Copy out the listing below exactly, please, and skip any pictures.

[Opening Input data section]

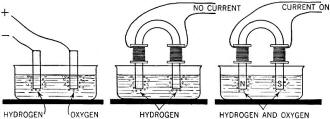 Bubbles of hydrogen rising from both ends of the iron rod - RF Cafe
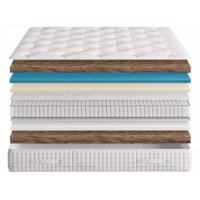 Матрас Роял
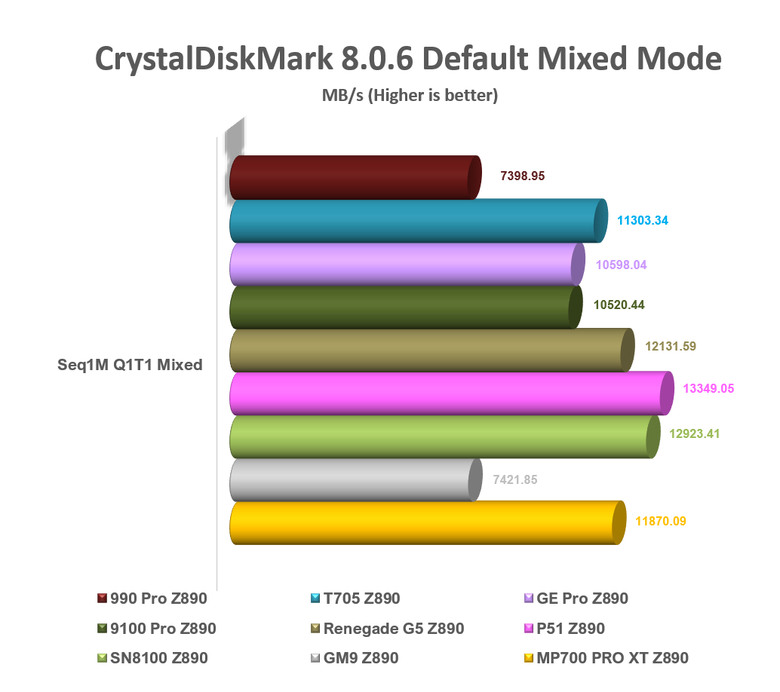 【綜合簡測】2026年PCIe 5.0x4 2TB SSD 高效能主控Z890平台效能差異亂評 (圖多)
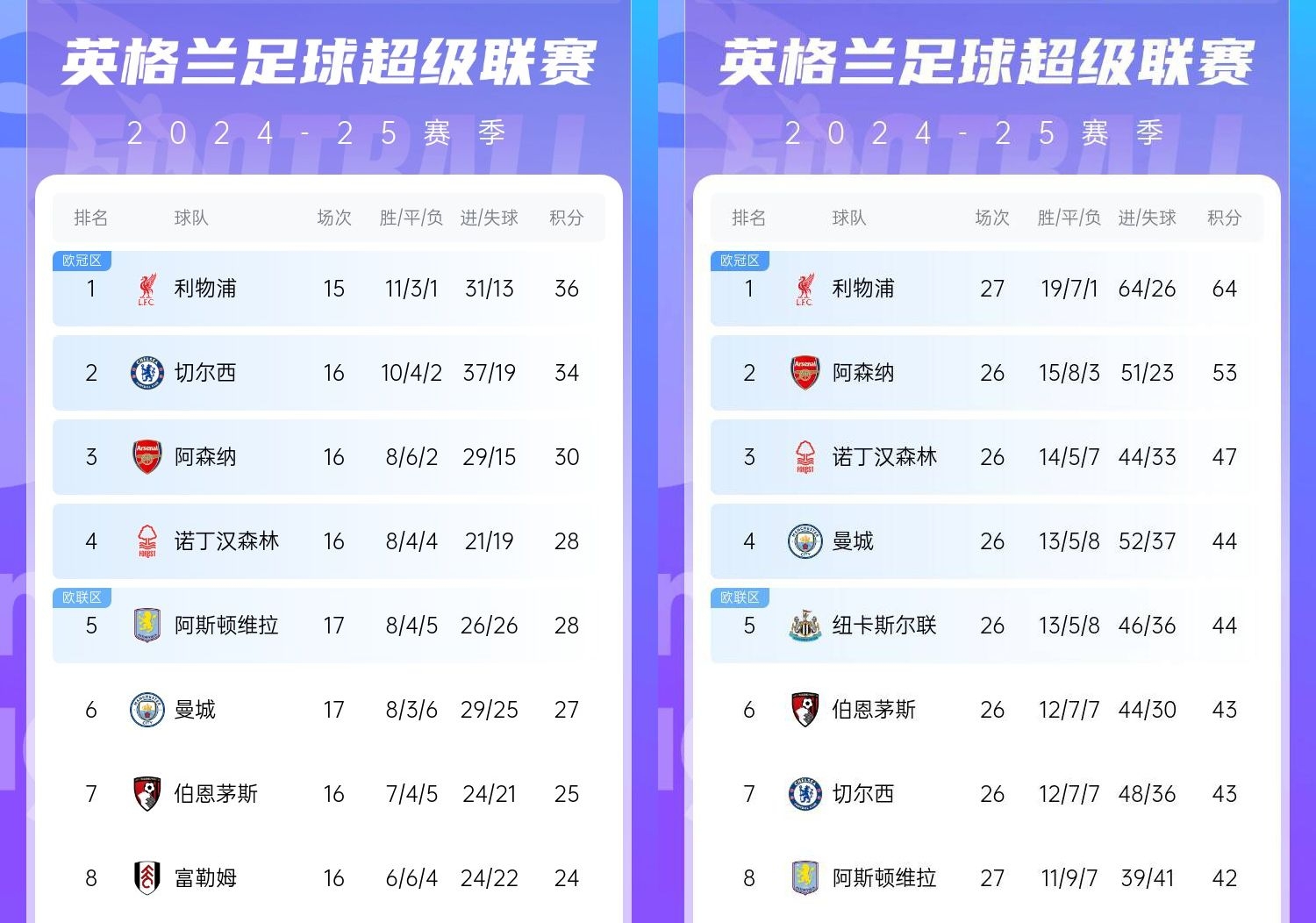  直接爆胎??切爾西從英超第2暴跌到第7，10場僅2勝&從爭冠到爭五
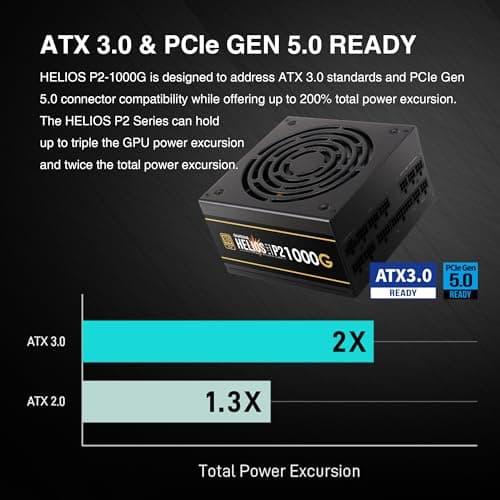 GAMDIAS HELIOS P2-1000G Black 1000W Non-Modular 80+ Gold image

[Closing Input data section]

* **Exercise response**:
 Bubbles of hydrogen rising from both ends of the iron rod - RF Cafe
 Матрас Роял
 【綜合簡測】2026年PCIe 5.0x4 2TB SSD 高效能主控Z890平台效能差異亂評 (圖多)
  直接爆胎??切爾西從英超第2暴跌到第7，10場僅2勝&從爭冠到爭五
 GAMDIAS HELIOS P2-1000G Black 1000W Non-Modular 80+ Gold image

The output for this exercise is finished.